Only one stretch of the data below is needed. Output the lines from the one with "الاسمية: 15 kVA" up to and including the one with "Pirelli Scorpion Winter RFT 235/55 R19 101H", exactly as they stand.

---

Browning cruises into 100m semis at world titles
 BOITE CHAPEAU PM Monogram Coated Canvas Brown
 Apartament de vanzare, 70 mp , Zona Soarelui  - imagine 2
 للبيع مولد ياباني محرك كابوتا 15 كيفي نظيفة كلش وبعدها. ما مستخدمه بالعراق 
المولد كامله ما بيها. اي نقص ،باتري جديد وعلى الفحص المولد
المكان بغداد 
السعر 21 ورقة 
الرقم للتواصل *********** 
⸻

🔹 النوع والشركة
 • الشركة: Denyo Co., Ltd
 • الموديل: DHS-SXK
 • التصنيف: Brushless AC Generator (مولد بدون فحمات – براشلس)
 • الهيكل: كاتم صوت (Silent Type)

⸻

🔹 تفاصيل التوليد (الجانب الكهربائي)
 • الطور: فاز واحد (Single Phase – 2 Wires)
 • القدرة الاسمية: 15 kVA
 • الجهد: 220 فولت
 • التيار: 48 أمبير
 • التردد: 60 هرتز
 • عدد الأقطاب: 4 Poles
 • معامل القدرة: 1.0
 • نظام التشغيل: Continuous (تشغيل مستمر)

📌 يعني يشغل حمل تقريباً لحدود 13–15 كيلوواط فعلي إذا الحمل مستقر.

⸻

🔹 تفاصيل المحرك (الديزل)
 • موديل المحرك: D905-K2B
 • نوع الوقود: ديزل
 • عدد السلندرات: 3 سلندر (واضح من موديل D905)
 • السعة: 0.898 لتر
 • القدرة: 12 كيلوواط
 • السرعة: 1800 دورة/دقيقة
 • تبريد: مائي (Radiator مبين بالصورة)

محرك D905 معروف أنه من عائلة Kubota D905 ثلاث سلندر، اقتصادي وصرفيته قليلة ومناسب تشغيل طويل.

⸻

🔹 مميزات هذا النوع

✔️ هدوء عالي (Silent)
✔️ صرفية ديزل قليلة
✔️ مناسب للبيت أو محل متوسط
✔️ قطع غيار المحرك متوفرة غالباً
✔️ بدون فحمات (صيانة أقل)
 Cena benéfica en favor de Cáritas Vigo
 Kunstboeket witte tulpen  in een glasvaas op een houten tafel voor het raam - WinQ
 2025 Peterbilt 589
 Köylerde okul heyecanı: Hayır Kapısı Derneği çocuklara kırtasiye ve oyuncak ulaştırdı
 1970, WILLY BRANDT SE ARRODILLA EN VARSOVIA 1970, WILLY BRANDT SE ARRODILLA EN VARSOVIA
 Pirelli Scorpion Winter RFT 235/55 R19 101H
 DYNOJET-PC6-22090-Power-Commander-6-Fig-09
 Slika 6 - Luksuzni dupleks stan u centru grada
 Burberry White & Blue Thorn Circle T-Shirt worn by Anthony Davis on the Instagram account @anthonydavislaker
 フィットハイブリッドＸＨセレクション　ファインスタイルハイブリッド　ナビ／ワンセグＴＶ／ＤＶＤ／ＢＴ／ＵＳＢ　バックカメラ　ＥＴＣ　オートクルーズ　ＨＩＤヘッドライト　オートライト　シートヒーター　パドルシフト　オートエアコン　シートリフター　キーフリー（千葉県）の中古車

---

### Written solution:
 • القدرة الاسمية: 15 kVA
 • الجهد: 220 فولت
 • التيار: 48 أمبير
 • التردد: 60 هرتز
 • عدد الأقطاب: 4 Poles
 • معامل القدرة: 1.0
 • نظام التشغيل: Continuous (تشغيل مستمر)

📌 يعني يشغل حمل تقريباً لحدود 13–15 كيلوواط فعلي إذا الحمل مستقر.

⸻

🔹 تفاصيل المحرك (الديزل)
 • موديل المحرك: D905-K2B
 • نوع الوقود: ديزل
 • عدد السلندرات: 3 سلندر (واضح من موديل D905)
 • السعة: 0.898 لتر
 • القدرة: 12 كيلوواط
 • السرعة: 1800 دورة/دقيقة
 • تبريد: مائي (Radiator مبين بالصورة)

محرك D905 معروف أنه من عائلة Kubota D905 ثلاث سلندر، اقتصادي وصرفيته قليلة ومناسب تشغيل طويل.

⸻

🔹 مميزات هذا النوع

✔️ هدوء عالي (Silent)
✔️ صرفية ديزل قليلة
✔️ مناسب للبيت أو محل متوسط
✔️ قطع غيار المحرك متوفرة غالباً
✔️ بدون فحمات (صيانة أقل)
 Cena benéfica en favor de Cáritas Vigo
 Kunstboeket witte tulpen  in een glasvaas op een houten tafel voor het raam - WinQ
 2025 Peterbilt 589
 Köylerde okul heyecanı: Hayır Kapısı Derneği çocuklara kırtasiye ve oyuncak ulaştırdı
 1970, WILLY BRANDT SE ARRODILLA EN VARSOVIA 1970, WILLY BRANDT SE ARRODILLA EN VARSOVIA
 Pirelli Scorpion Winter RFT 235/55 R19 101H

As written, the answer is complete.